Centre-half: Declan Rice (West Ham)
It’s almost four years since he made his Under-21 debut (for Ireland) at centre-back. We are not going to spend an hour down a UEFA rabbit-hole to work out whether Rice would indeed be eligible to play at centre-back for a fictional England Under-21 side but the point remains that he is very much part of England’s future. The maturity of his play at just 22 is exemplary.

 

Centre-half: Ben Godfrey (Everton)
Bizarrely under-used by Aidy Boothroyd over the last two seasons, Godfrey is one of the low-key signings of the season and has thrived at Everton under Carlo Ancelotti. “If Gareth is watching Ben Godfrey then he is right,” said the Italian last month. “Gareth doesn’t need advice from me but to see and watch Ben Godfrey at this moment, in this period, is a pleasure for any manager.” The actual England Under-21 squad shows how difficult it is to break through at elite level at centre-half; it’s a position that usually prompts caution and Godfrey is alone as an Englishman in playing regular Premier League football in this position at his age.

 

Left wing-back: Bukayo Saka (Arsenal)
He has played 308 minutes as a left wing-back for England since playing his first and only 63 minutes as a right-winger for the England Under-21 side. And he is just 19. Saka may no longer be a wing-back for Mikel Arteta and he is certainly thriving as a forward in a 4-2-3-1, but for England and for now he provides excellence in that LWB position.

As we wrote here: ‘If you are 32 and have played six different positions for your club in the first half of the season then you are a utility player – Jack of all trades and likely master of none. But if you are 19 and have played six different positions for your club in the first half of the season then you might just be a generational talent – glorious master of just about every trade with endless potential and zero limitations.’

 

Central midfield: Jude Bellingham (Borussia Dortmund)
He is 17 and already considered too accomplished for Under-21 level after just 17 minutes for England. Last week he started the second leg of a last-16 Champions League tie in central midfield and was excellent. No other Dortmund regular puts in more tackles than Bellingham, who is not physically or emotionally cowed by the Bundesliga. Sorry Tom Davies, but this guy is the realest of deals.

 

Central midfield: Mason Mount (Chelsea)
Starting the last five actual England games makes you forget that Mount is actually eligible for England’s Under-21 side. In fact, he was one of four players from this XI who started the last Nations League clash with Iceland. The Chelsea man has not played at this level since the much-vaunted Under-21 side of 2019 crashed out of the European Championships without winning a single game in the group stage.
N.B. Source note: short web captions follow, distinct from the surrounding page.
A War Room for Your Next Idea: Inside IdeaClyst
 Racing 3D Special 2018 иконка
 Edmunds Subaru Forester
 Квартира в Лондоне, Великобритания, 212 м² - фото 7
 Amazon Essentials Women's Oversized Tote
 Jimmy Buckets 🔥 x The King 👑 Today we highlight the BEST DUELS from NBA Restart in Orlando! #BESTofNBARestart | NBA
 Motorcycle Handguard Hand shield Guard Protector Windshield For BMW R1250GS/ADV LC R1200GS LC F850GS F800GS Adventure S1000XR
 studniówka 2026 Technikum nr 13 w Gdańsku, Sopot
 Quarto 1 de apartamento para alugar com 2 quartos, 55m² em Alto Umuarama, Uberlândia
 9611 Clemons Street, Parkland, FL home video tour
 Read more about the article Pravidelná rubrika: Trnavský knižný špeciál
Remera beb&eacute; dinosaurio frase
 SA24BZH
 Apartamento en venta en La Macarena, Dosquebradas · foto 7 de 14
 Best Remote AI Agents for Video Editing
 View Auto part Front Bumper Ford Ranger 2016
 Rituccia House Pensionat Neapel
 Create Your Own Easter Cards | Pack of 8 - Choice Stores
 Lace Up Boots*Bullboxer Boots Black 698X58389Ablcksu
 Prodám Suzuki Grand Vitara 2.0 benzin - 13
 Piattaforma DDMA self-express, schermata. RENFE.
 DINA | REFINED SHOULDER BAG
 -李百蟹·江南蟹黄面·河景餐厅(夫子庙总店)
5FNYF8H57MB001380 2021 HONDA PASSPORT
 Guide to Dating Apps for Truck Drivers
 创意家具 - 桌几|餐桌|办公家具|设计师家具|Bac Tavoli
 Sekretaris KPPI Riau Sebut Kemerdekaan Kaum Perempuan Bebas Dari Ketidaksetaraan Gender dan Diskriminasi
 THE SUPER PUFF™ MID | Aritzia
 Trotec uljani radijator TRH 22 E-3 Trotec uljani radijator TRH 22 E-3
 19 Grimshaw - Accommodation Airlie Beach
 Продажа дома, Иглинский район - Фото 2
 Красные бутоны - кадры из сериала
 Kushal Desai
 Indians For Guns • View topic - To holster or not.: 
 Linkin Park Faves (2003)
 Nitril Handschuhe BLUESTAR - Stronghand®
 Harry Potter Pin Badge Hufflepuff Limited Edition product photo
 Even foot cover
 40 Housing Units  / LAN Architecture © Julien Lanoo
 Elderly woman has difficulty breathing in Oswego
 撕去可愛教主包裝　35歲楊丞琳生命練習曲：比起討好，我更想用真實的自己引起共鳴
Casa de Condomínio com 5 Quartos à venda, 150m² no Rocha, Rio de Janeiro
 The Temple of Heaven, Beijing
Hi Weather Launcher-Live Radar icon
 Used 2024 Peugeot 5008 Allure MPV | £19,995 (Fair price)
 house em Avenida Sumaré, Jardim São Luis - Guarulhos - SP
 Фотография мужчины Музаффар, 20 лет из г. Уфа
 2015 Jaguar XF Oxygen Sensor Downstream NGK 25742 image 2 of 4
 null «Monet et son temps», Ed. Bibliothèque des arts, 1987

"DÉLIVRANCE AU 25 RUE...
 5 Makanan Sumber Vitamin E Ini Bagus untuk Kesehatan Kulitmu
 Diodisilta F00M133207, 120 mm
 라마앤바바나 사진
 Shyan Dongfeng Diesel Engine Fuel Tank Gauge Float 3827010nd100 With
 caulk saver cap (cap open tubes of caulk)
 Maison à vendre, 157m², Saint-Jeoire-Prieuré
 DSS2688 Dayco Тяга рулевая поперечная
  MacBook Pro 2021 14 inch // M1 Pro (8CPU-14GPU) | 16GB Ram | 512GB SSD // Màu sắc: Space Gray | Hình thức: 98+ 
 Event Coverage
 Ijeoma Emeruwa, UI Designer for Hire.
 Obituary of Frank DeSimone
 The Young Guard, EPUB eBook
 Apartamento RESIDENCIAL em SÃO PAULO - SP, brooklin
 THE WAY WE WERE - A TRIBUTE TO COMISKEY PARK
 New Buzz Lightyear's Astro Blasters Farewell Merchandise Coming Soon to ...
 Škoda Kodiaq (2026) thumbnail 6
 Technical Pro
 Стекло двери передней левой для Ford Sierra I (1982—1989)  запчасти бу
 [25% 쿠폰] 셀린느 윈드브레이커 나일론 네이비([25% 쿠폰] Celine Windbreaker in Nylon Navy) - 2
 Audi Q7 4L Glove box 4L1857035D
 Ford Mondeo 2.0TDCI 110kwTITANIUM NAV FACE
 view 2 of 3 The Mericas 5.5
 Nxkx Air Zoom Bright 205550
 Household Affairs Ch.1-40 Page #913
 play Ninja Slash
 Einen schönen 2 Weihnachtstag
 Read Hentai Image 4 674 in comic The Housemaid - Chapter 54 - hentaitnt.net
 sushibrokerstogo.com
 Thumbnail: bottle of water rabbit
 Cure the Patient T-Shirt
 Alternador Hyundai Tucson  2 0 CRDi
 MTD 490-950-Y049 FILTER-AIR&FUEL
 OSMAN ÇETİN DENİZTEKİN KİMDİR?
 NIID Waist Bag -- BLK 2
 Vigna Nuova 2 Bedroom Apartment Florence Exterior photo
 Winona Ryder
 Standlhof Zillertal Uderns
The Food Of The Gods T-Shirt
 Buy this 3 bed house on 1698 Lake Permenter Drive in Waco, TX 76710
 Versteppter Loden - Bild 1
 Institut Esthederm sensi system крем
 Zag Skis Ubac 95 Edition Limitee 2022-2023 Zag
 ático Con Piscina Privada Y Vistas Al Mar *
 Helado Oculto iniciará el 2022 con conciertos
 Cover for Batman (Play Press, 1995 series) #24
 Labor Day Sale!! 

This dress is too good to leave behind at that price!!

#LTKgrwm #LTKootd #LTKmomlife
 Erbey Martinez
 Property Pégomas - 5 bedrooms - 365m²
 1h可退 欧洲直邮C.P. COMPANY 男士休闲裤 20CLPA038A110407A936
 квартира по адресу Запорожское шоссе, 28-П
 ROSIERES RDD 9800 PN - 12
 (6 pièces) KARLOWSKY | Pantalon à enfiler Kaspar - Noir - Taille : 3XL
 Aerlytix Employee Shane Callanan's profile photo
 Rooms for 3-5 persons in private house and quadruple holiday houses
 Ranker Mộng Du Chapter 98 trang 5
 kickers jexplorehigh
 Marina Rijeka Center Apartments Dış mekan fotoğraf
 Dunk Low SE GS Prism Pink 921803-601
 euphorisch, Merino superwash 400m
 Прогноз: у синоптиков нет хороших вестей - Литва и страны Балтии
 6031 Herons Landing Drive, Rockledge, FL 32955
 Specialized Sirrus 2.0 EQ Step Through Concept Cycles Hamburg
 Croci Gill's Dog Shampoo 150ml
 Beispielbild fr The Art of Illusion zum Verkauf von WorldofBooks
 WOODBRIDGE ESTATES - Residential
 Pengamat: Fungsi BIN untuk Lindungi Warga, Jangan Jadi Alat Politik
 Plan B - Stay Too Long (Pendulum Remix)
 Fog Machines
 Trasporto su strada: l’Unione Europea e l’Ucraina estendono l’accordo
Boothroyd clearly had reservations about starting Mount and Phil Foden together but we have no such qualms…

 

Central midfield: Phil Foden (Manchester City)
For a while there it looked like Pep Guardiola and Gareth Southgate were playing a game of chicken with Foden and neither wanted to blink first. But now Foden is fully established within the England senior set-up – two goals v Iceland ensure his place his safe – and he is among Guardiola’s most-used XI this season. Nobody is blinking and everybody is happy because he really is brilliant.

 

Forward: Jadon Sancho (Borussia Dortmund)
Sancho bypassed the England Under-21 side completely. Or rather it bypassed him. Amusingly, Aidy Boothroyd said in August 2018 that he would not call up 18-year-olds Foden and Sancho because “there’s a clamour for these players and they are exceptional but there are also exceptional players who have got us to the place we are now”, and just six weeks later, Southgate called up both for the actual England squad. Sancho now has 18 caps and in a supposedly poor season, has claimed 12 goals and 16 assists in all competitions for Dortmund.

 

Forward: Eddie Nketiah (Arsenal)
Mason Greenwood might get all the headlines for his Under-21 inclusion but only one member of that squad has scored more than four England Under-21 goals and it is not Greenwood. It’s Arsenal man Nketiah that has the quite remarkable record (and we do mean ‘record’) of 16 goals in 14 games at this level. It’s a shame that he has probably reached the end of the road with the Gunners, where his involvement pretty much ended when the Europa League got serious.